Rachel Denae Thrasher and Kevin P. Gallagher, both fellows from the Boston University Frederick S. Pardee Center for the Study of the Longer-Range Future, published their research on 21st Century trade agreements in the Denver Journal of International Law and Policy. The article builds upon and refines the arguments the authors had first made in their Pardee Paper (# 2) on “21st Century Trade Agreements: Implications for Long-Run Development Policy.”
The published article, (Citation: Rachel Denae Thrasher and Kevin P. Gallagher. ’21st Century Trade Agreements: Implications for Development Sovereignty.’ Denver Journal of International Law and Policy. Vol. 38.2, pp. 313-350, Spring 2010) is available for academic use. Please contact the Pardee Center if you would like a PDF version of it.

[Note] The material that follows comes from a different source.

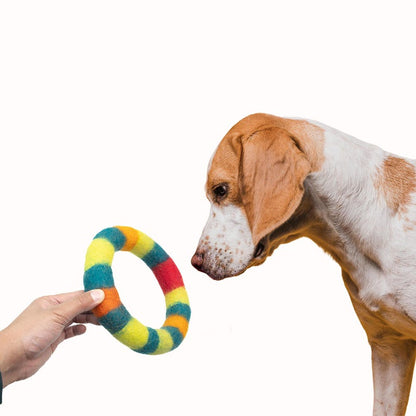 Striped Felt Ring Chew Toy for Dogs | Interactive Pet Toys | Dog Tug Toys | Gifts for Pet Lovers | Handcrafted Pet Toys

Download Pardee Paper #2 here.
The paper examines the extent to which the emerging world trading regime leaves nations the “policy space” to deploy effective policy for long-run diversification and development and the extent to which there is a convergence of such policy space under global and regional trade regimes. The paper demonstrates that there is a great divergence among trade regimes over this question. While South-South agreements provide ample policy space for industrial development, the WTO and EU agreements largely represent the middle of the spectrum in terms of constraining policy space choices. On the far end, opposite South-South agreements, US agreements place considerably more constraints by binding parties both broadly and deeply in their trade commitments.